The total included trades on which Schwab did not collect commissions. Average daily trades on which it did receive transaction-based revenue, a figure watched closely by analysts, were up 12 percent from December. At the end of last year nervous investors were shunning stock trading out of concerns about budget problems in the United States and ongoing issues in the Euro zone, according to brokerage firm executives industry wide.
In January, Schwab clients made daily average trades of 504,700, the highest average in at least the last 12 months, rising nearly 5 percent above December's average client trades of 480,200.
Schwab's online brokerage rivals earlier this week also reported big jumps in client trading. The discount brokers are often viewed as proxies for individual investor interest in the stock market.
"Overall, today's activity update was largely in line with our expectations and anti-climactic given similar peer reports," David Trone, an analyst at JMP Securities wrote in a note to clients. Trone rates Schwab shares "market perform."

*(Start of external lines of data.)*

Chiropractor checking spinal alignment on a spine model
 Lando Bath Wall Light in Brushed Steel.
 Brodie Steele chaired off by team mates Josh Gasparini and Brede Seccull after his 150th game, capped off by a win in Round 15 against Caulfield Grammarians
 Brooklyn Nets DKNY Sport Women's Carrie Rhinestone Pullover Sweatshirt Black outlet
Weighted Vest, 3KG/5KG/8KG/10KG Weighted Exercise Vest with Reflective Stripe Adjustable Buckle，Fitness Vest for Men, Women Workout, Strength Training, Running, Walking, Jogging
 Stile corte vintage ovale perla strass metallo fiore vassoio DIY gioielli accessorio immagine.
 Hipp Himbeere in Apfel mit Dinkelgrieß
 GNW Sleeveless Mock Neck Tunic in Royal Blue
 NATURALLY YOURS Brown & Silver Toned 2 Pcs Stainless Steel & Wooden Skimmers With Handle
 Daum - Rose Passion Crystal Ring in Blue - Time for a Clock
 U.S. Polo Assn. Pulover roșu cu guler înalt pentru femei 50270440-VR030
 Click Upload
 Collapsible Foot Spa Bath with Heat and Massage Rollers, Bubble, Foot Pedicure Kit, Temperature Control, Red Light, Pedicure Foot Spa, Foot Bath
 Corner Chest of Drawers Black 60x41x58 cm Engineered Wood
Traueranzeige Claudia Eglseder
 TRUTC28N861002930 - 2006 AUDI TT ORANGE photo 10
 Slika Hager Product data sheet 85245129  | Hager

Daily average revenue trades at TD Ameritrade Holding Corp in January rose 3 percent from a year ago and 17 percent from December. At E*Trade Financial Corp, daily average revenue trades in January were up 6 percent from January 2012 and 18 percent from December.
Trading volume on U.S. stock exchanges in January was up 8 percent from December but down 7 percent from January 2012.
Brokerage executives said that investors built up heavy cash positions in December by selling businesses, real estate and other holdings in anticipation of higher 2013 taxes and started investing the cash in January.
Net new assets at San Francisco-based Schwab in January from existing and new clients fell 49 percent from December to $12.1 billion but were up 70 percent from the amount collected in January 2012. The inflow last month was bolsted by $2.2 billion from a mutual fund clearing services client that Schwab did not identify.
Schwab's total client assets reached a firm-record $2.01 trillion at the end of January, up 16 percent from a year earlier.
The firm, the largest by market capitalization among online brokers, ended January with 8,819 active brokerage accounts, up 3 percent from a year earlier. Late last year Schwab removed 30,000 brokerage accounts from those it considers active.
Schwab's January trading metrics offered further evidence that both individual investors and institutional money managers, who trade through Schwab, pulled cash out of money-market funds that pay virtually zero interest and redeployed them into mutual funds.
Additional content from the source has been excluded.